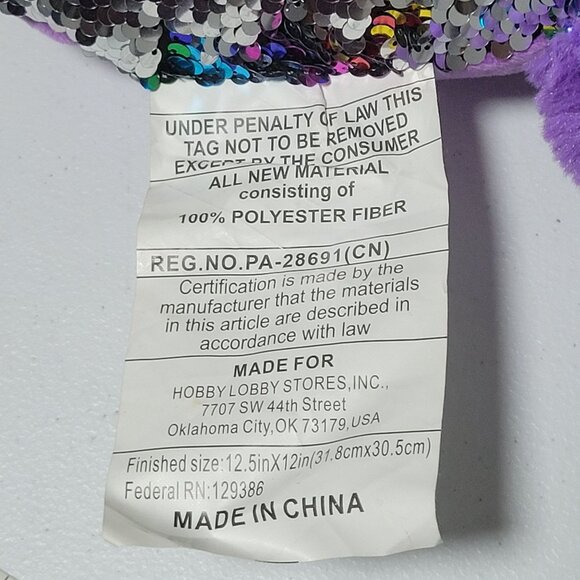 Hobby Lobby Owl 14 inch Plush Pillow Reversible Sequins Purple Stuffed Animal - Picture 5 of 6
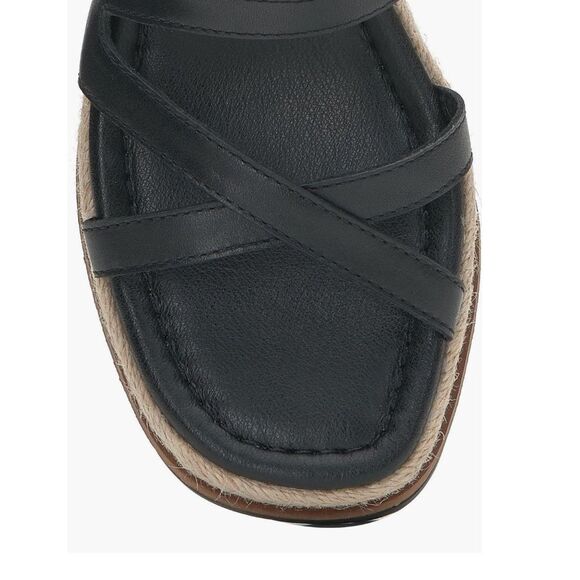 NWT LUCKY BRAND BLACK CAROLIE ESPADRILLE WEDGE STRAPPY SANDAL WOMENS NEW IN BOX - Picture 8 of 10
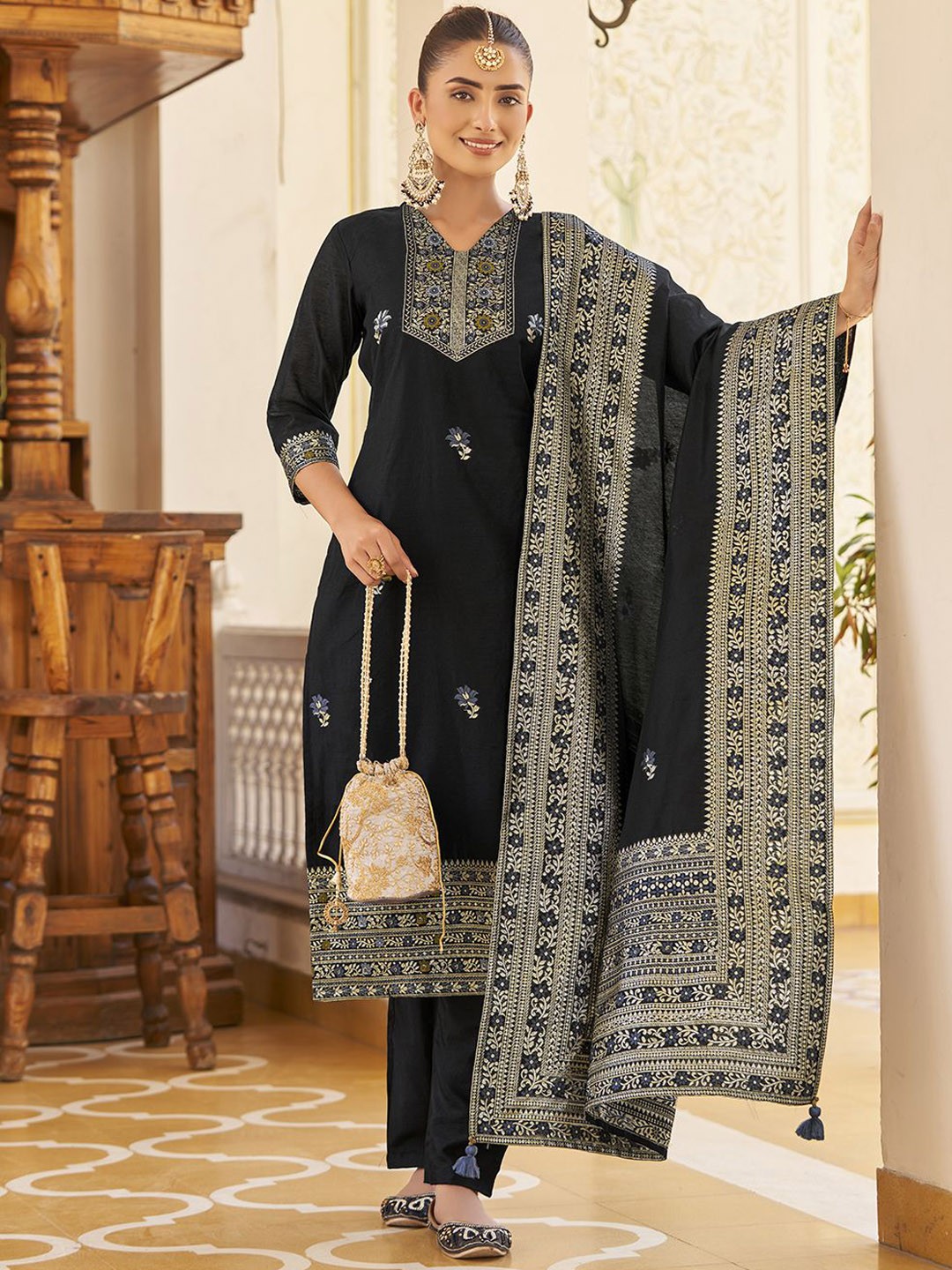

Shaily Floral Woven Design Kurta with Trousers & Dupatta, Black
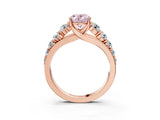 Rose gold Fancy Pink Oval Cut Brilliant Diamond Pavé Band with Six-Prong Setting_15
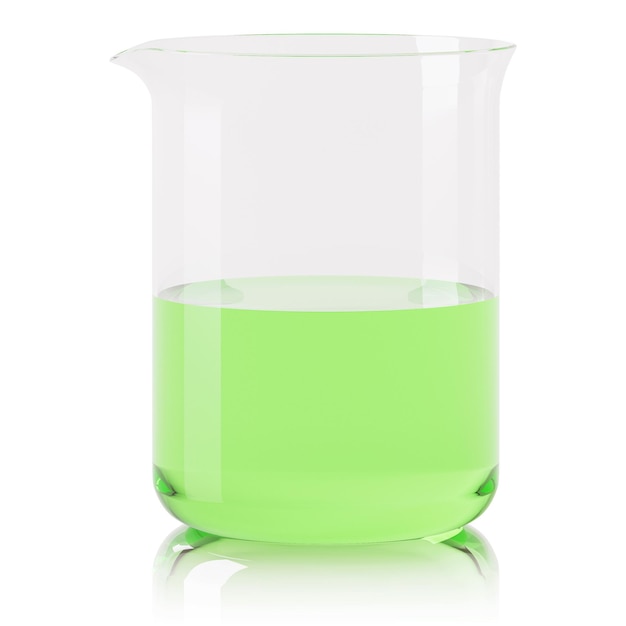Foto matraz de laboratorio de vidrio transparente. matraz lleno de líquido sobre un fondo blanco. representación 3d.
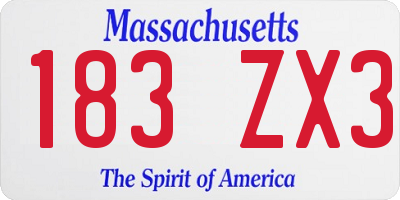 MA license plate 183ZX3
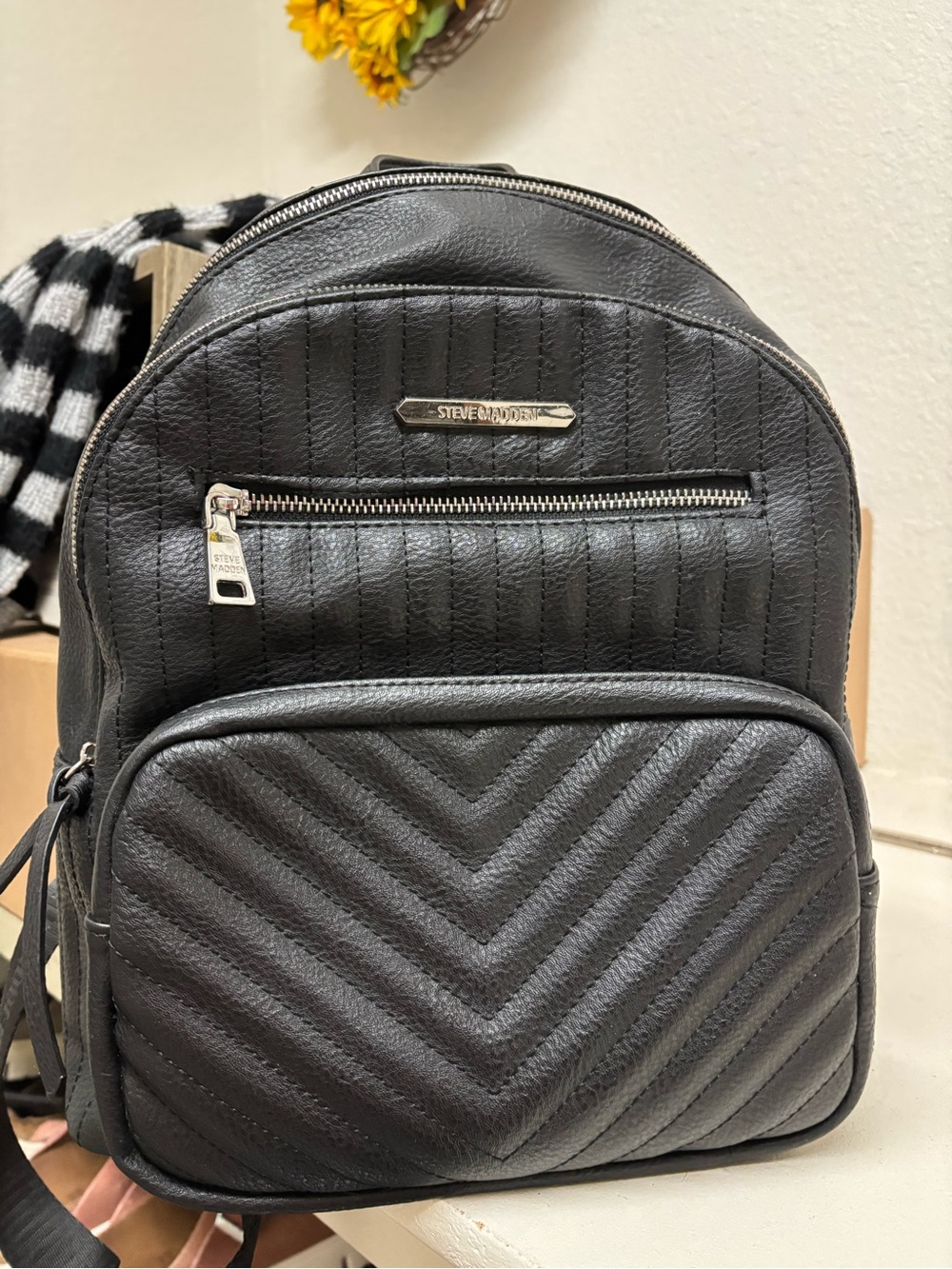 Steve Madden Black Quilted Mini Backpack with Silver Hardware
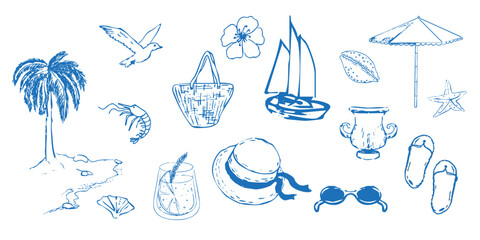 Summer seashore beach sea tourism, rest sketch drawing. Line hand drawn beach party elements palm, hat seashell. Vacation doodle tropical print.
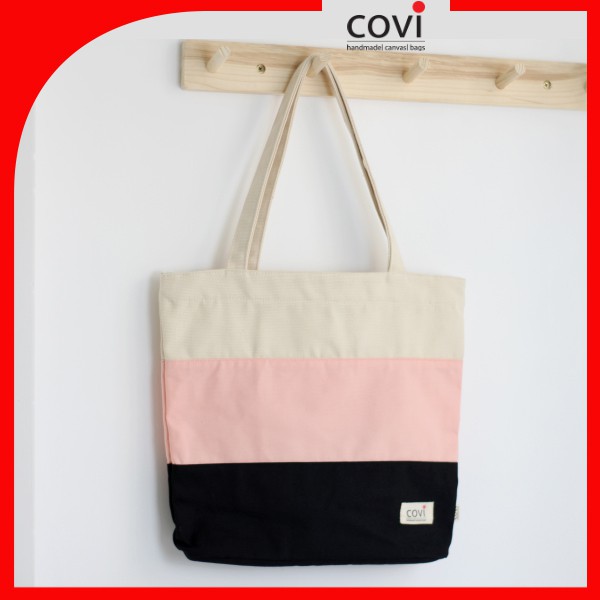 Túi vải canvas Hàn quốc, túi vải bố có khóa kéo thời trang COVI nhiều màu sắc T9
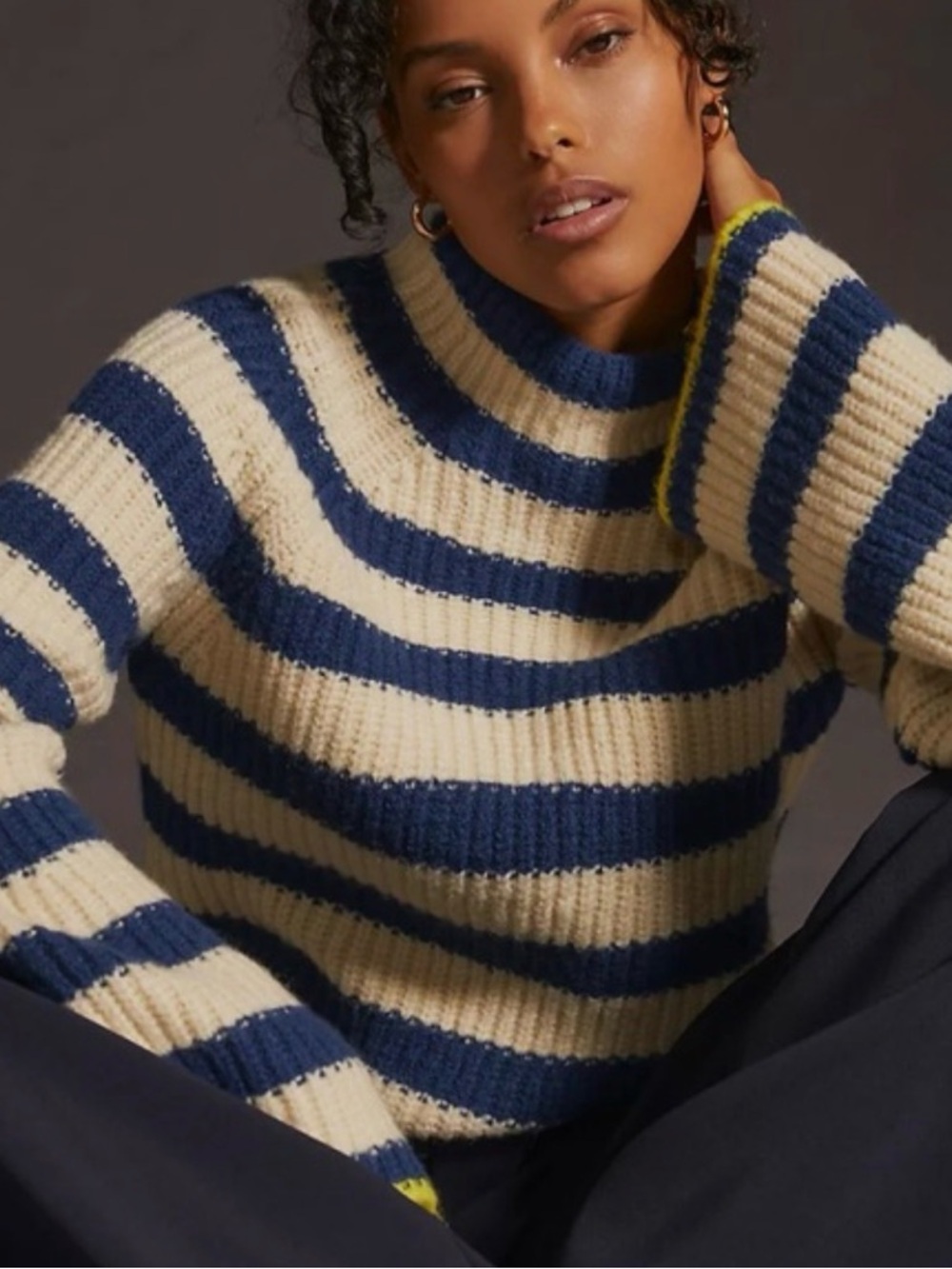 Anthropologie Maeve Striped Cream and Navy Rib Knit Sweater
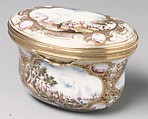 Snuffbox, Meissen Manufactory (German, 1710–present), Hard-paste porcelain, gold, German, Meissen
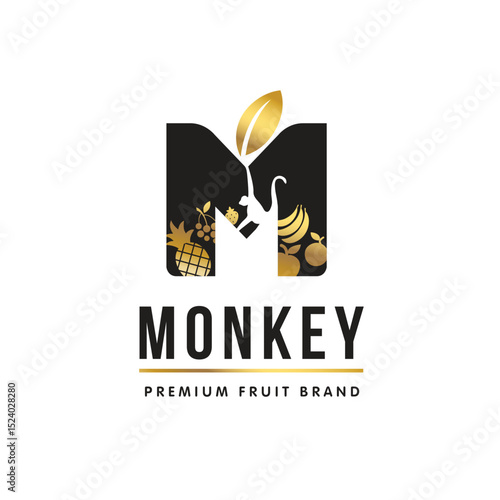 Combination logo monkey premium fruit brand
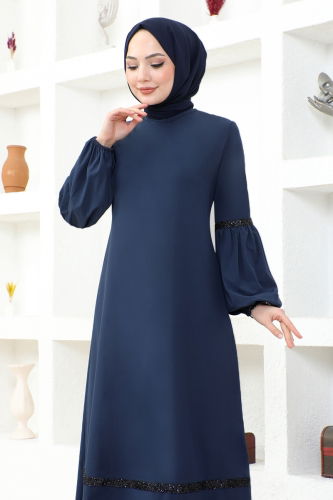 moda selvim Balloon Sleeve Crepe Dress ASM2676-1 Navy Blue - Thumbnail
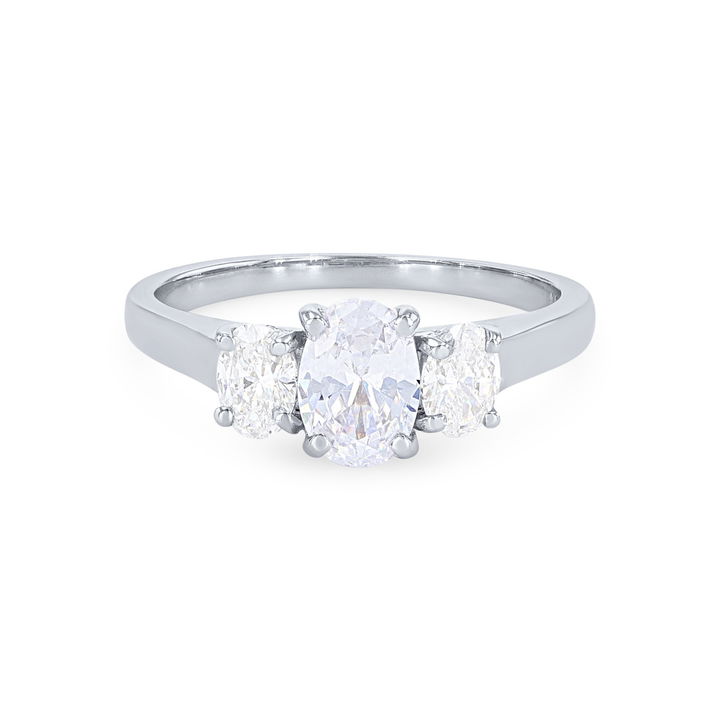 White Gold 14K Classic Three Stone Oval Diamond Engagement Setting
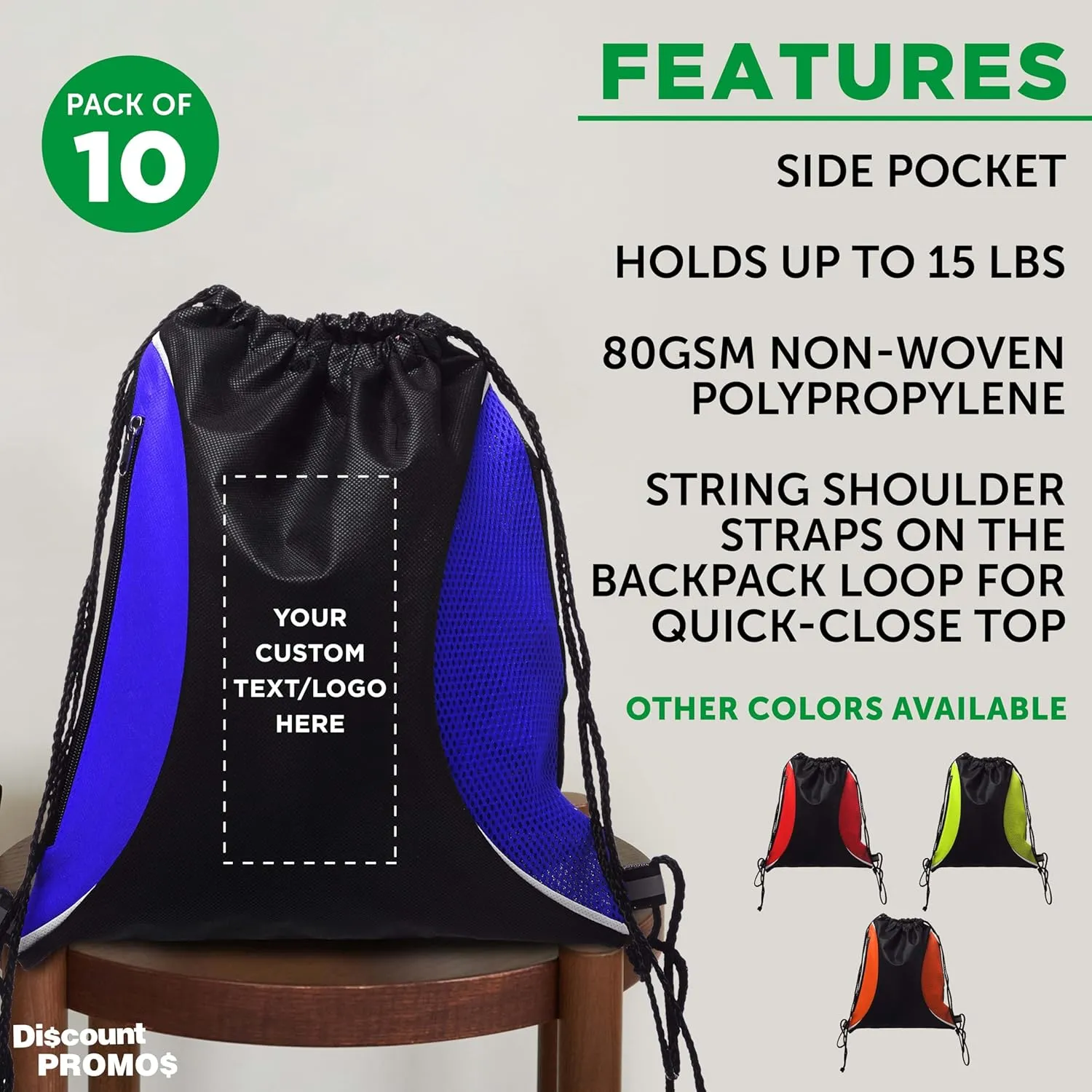 DISCOUNT PROMOS Drawstring Backpacks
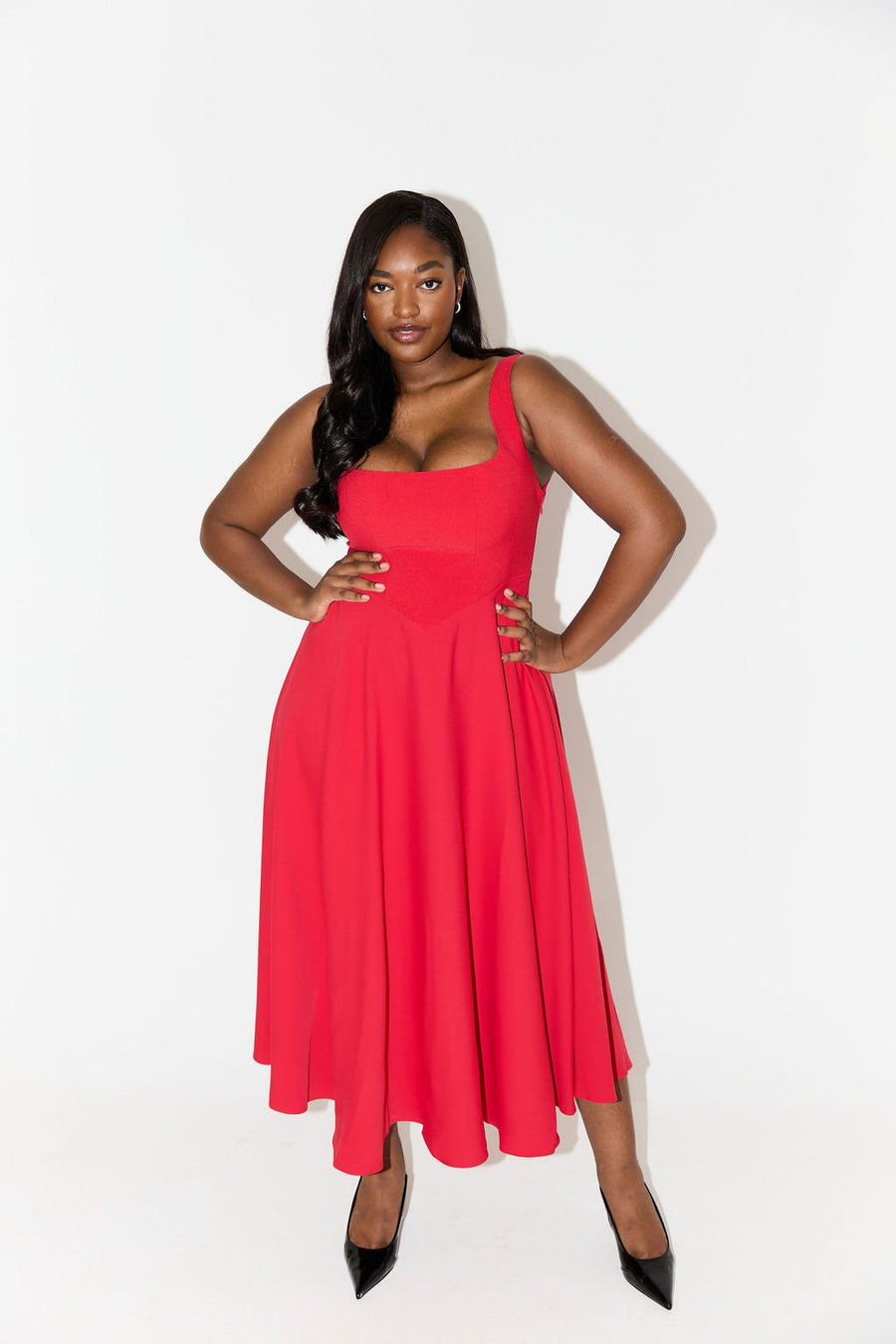 Cathleen | Women's Square Neck Sleeveless Midi Dress in Red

□ □ □

### Your task
Print the lines from the line with "MA license plate 183ZX3" to the end of the data above. Include both ends, exclude the pictures, and add nothing else.

### Answer for the task
 MA license plate 183ZX3
 Steve Madden Black Quilted Mini Backpack with Silver Hardware
 Summer seashore beach sea tourism, rest sketch drawing. Line hand drawn beach party elements palm, hat seashell. Vacation doodle tropical print.
 Túi vải canvas Hàn quốc, túi vải bố có khóa kéo thời trang COVI nhiều màu sắc T9
 Anthropologie Maeve Striped Cream and Navy Rib Knit Sweater
 Snuffbox, Meissen Manufactory (German, 1710–present), Hard-paste porcelain, gold, German, Meissen
 Combination logo monkey premium fruit brand
 moda selvim Balloon Sleeve Crepe Dress ASM2676-1 Navy Blue - Thumbnail
 White Gold 14K Classic Three Stone Oval Diamond Engagement Setting
 DISCOUNT PROMOS Drawstring Backpacks
 Cathleen | Women's Square Neck Sleeveless Midi Dress in Red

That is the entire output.